Your point about Sunak being weak was just made by Nick Timothy, a prominent Conservative who once worked for Teresa May and apparently long ago for Thatcher as well. He made a point about
Sunak running a weak government and contrasted it with the strong government Thatcher had, that determination and resolve to see things done. Sunak leads a very technocratic government and he's comfortable with this; there's been rumors he wants to arrange for Britain to re-enter the European single market in the way that Switzerland is part of it.
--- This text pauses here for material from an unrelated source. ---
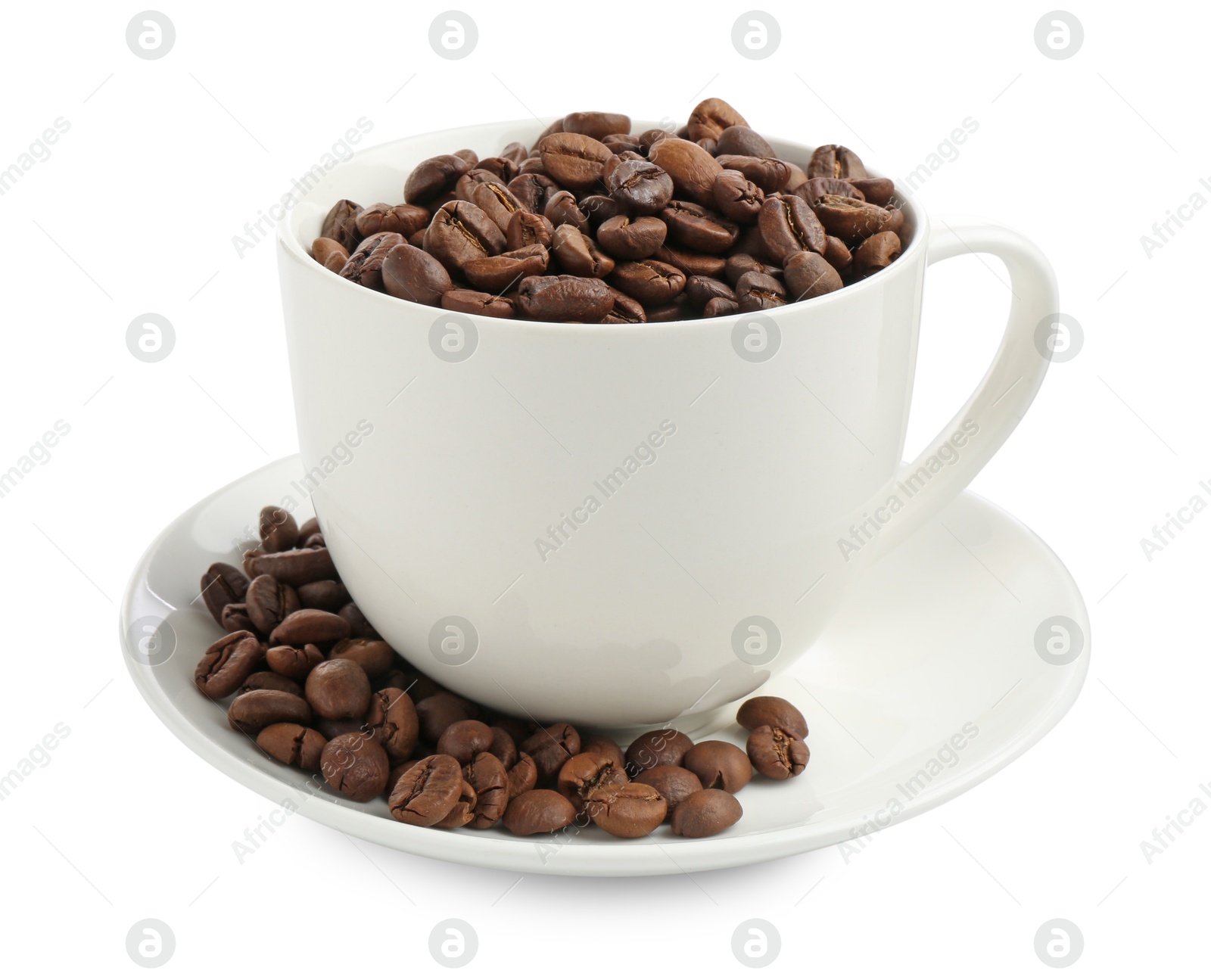 Ceramic cup with roasted coffee beans isolated on white Photo of Ceramic cup with roasted coffee beans isolated on white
He's not prepared Thatcher-style to smash the furniture, create a row, say things directly and straightforwardly, communicate with his own base in the way Thatcher could.
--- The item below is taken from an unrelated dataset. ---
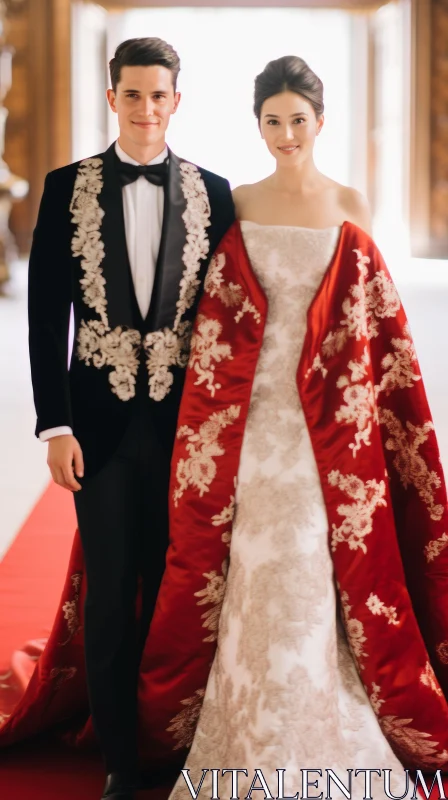 Exquisite Royal Wedding Attire with Eastern-Inspired Embroidery AI Image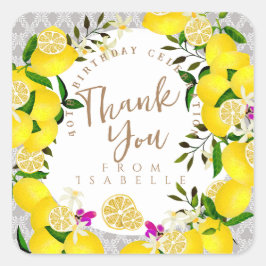 Cuadrada Lemon Birthday Pegatina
It's early days and we don't know if Meloni will continue in the way she started or how solid her coalition actually is. Thatcher led a single party, the Conservatives; Meloni leads a coalition.
AC: what does Macron do and say about this?
AM: IMO he's very angry because he's relied on Italy to give him weight within the European Council. Plus we must never forget his
extraordinary vanity. He doesn't like criticism so he's going to hate Meloni.
What he's going to do is a good question. His position in France is weakened, he doesn't control the National Assembly, his government looks increasingly fractured. There's talk the energy system in France is in a very bad way and of course so is the economy. He's increasingly looking isolated. From what we know of Macron, he's not going to think about the situation in France or Europe, he's going to try some big diplomatic foreign policy initiative. Maybe resurrect his European army idea or try to maneuver himself as some kind of negotiator on Ukraine, I don't know.
Whatever he does, I think he's in danger of becoming irrelevant. Without the support of Italy, what real allies does he have in Europe anymore?
AC: the Germans?
AM: It seems that Scholz and Macron don't like each other. Scholz finds Macron patronizing and difficult. I don't think Baerbock and Harbeck are sympathetic to Macron. I think they're rigid Atlanticists and their allies aren't in Paris, they're in Washington, the neocons. So that's the axis Macron is up against, neocon cum Green cum globalist axis that takes in Britain at the moment.
He's also losing relevance in France where the Ukraine strategy is increasingly being criticized, even by mainstream politicians. There was a very prominent French businessman who actually came back from India and the Middle East and said, what we say about Ukraine here in France is not what people in India and the Middle East are saying.
There they blame us for everything whereas we want to blame Russia all the time. So perhaps Macron a fading figure and Meloni a rising one.